Impliqué depuis de très nombreuses années au sein des activités religieuses de l'Archidiocèse de Sherbrooke, François Chabot, de Cookshire-Eaton, et membre de la Fondation Mgr Fortier, annonce le lancement officiel de la campagne de sollicitation sur le territoire de la MRC du Haut-Saint-François. M. Chabot est aussi responsable de celle du Granit. Cette campagne se tiendra du 6 au 23 mars prochain avec un rappel à l'automne. Le C.A. de la Fondation espère recueillir 200 000 $ sur tout le territoire couvert par l'archidiocèse qui couvre à peu près l'Estrie.
Enregistrée en 1980, la Fondation Mgr Fortier se veut un moyen d'éviter de taxer encore des paroissiens de plus en plus dispersés. Pourtant, les besoins sont criants. Chaque année, la Fondation donne à des œuvres de pastorales quelque 300 000 $ dans tout l'archidiocèse de Sherbrooke, territoire qui équivaut, sommairement, à l'Estrie. «Il n'est pas question d'utiliser un seul sou pour rénover ou réparer des églises», spécifie M. Chabot.
Les sommes d'argent versées par la Fondation proviennent des intérêts engendrés par le capital de 8 M$ recueillis depuis la création du Fonds. Il est constitué de placements sécuritaires qui ne peuvent être dilapidés. Seuls les intérêts servent. Le personnel de l'archidiocèse formera des catéchètes et des animateurs qui enseigneront la catéchèse. Rappelons qu'il n'y a plus de cours de religion dans nos écoles, remplacés par l'initiation aux autres philosophies religieuses.

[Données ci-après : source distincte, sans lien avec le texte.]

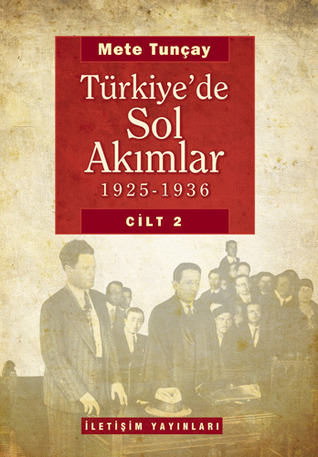 Türkiye'de Sol Akımlar (1925-1936) (Türkiye'de Sol Akımlar #2)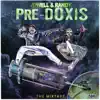 Stream & download Pre-Doxis (The Mixtape)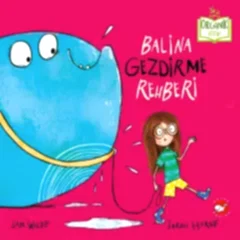 Balina Gezdirme Rehberi - Organik Kitap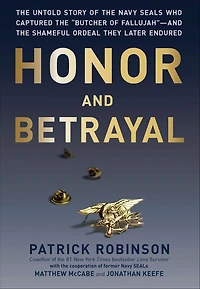 Honor and Betrayal: the Untold Story of Navy SEALs Who Captured "Butcher Fallujah" -- Shameful Ordeal They Later Endured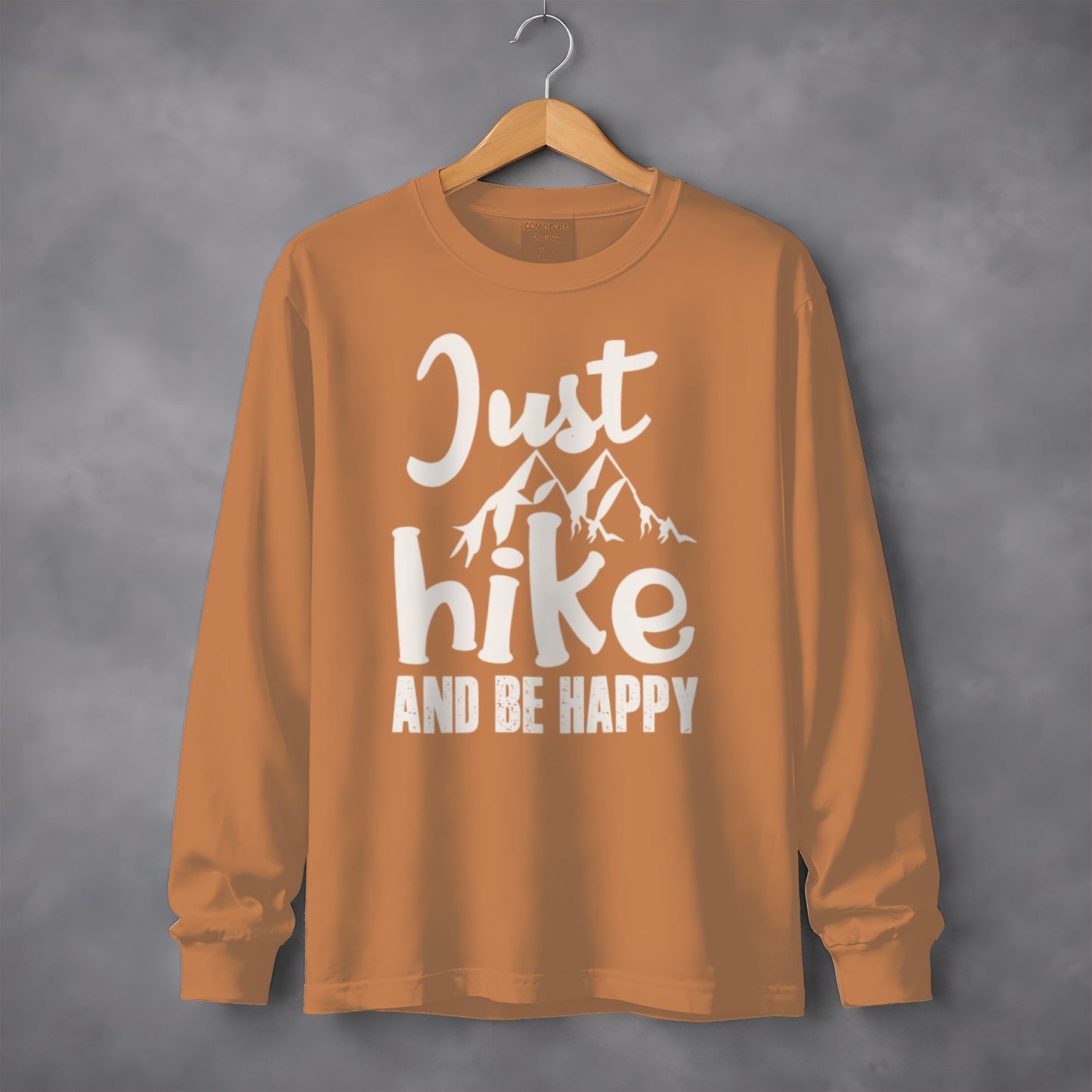 Just Hike And Be Happy Outdoors Adventure Time Long Sleeve T-Shirt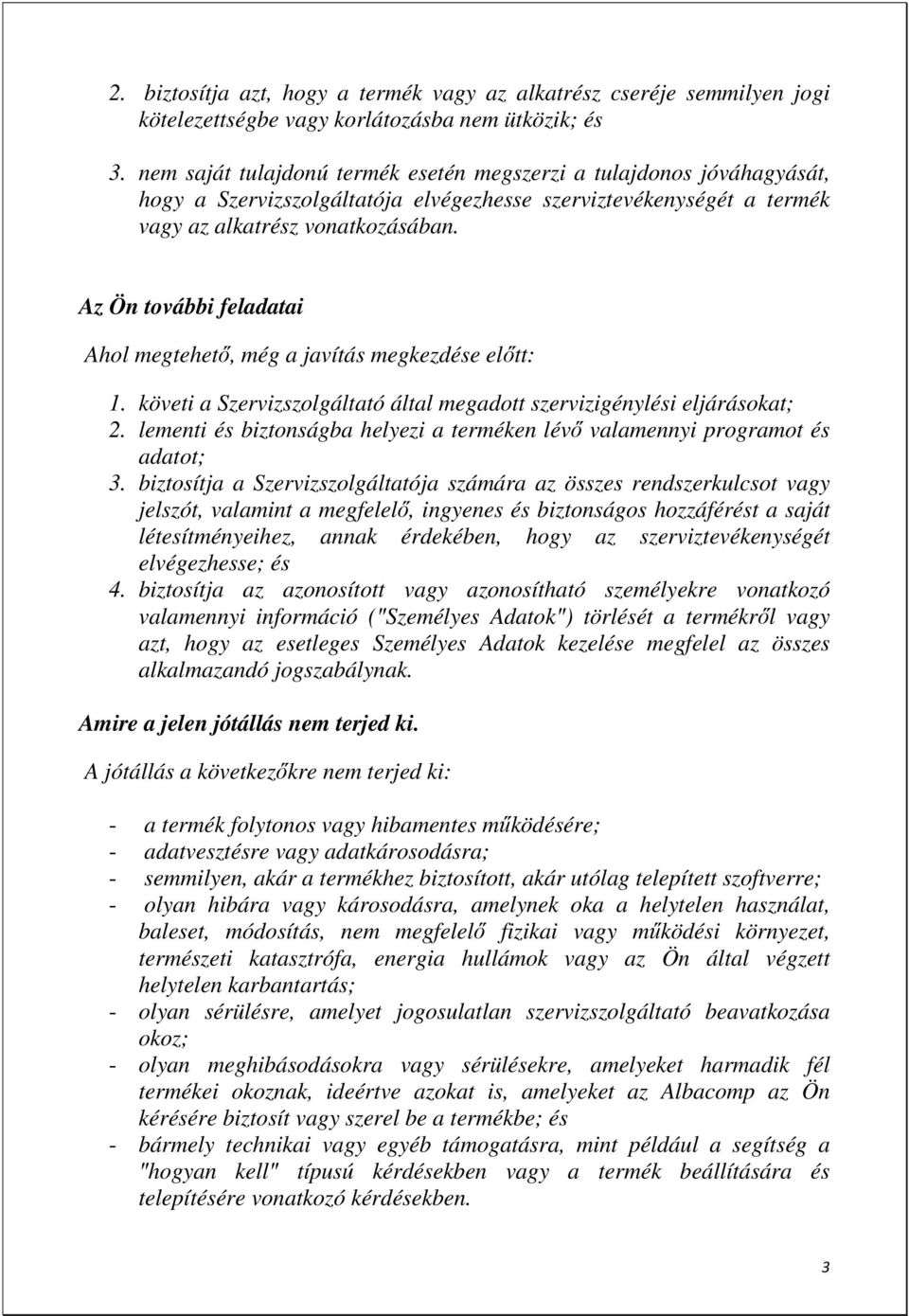 Az Ön további feladatai Ahol megtehetı, még a javítás megkezdése elıtt: 1. követi a Szervizszolgáltató által megadott szervizigénylési eljárásokat; 2.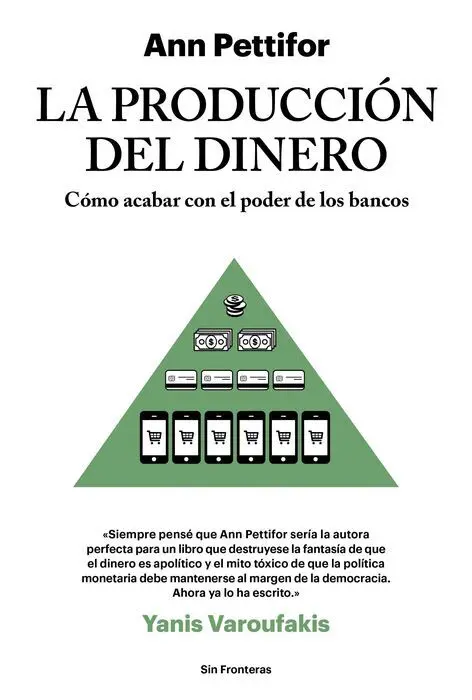 La Producción del Dinero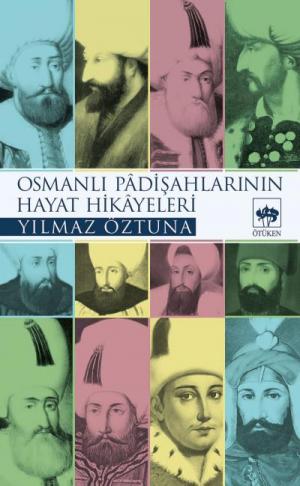 Ötüken Kitap | Osmanlı Padişahlarının Hayat Hikayeleri Yılmaz Öztuna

De plus, ces sommes d'argent seront utilisées pour faire de la pastorale sociale et pour lutter contre la pauvreté. M. Chabot explique que la Fondation Mgr Fortier n'agit pas comme le fait Caritas. Elle ne donnera pas de biens ou d'argent pour dépanner un individu ou une famille, mais favorisera la formule éducative. Dans le cas des itinérants ou des exclus, elle aidera les travailleurs de rue en leur offrant de meilleurs moyens d'intervenir. Cet argent servira encore à concevoir des cours de préparation au mariage et du counselling, activité qui consiste à tenter de briser, des habitudes déviantes d'adaptation et de comportement. Elle permettra d'encadrer la participation des jeunes aux JMJ (Journées mondiales de la jeunesse). S'ajoute à ces catégories une dernière, celle de promouvoir les vocations religieuses et la prêtrise.

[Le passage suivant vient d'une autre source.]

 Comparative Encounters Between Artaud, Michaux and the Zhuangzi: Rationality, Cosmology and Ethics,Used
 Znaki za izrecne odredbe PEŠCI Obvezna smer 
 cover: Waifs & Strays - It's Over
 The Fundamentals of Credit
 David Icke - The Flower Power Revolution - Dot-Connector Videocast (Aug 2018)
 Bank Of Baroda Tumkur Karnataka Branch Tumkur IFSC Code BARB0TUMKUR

M. Chabot définit quelques moyens de participer à la campagne de financement de la Fondation. L'usuelle «porte en porte» est bien connue des gens. Celle d'hommes et de femmes d'affaires l'est moins. Parmi ceux qui contribuent à celle-ci, il y a les donateurs réguliers qui d'année en année versent fidèlement une partie de leur pécule. Les communautés religieuses et les prêtres l'enrichissent. Enfin, quelqu'un peut décider de léguer par acte notarié une somme qui lui convient.

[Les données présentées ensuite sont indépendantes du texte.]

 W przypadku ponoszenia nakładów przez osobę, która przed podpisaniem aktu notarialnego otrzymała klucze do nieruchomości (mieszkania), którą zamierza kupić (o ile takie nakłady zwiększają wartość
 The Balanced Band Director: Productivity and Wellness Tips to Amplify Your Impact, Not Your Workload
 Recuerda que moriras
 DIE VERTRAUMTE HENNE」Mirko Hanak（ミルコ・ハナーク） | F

L'Église s'approche des gens en retournant une partie de plus en plus importante d'intérêts provenant du Fonds. C'est ainsi qu'elle choisit de leur venir en aide. M. Chabot n'a pas fixé d'objectif particulier à atteindre dans notre MRC. Il souhaiterait cependant faire mieux que l'an passé.
Photo :
M. François Chabot, de Cookshire-Eaton.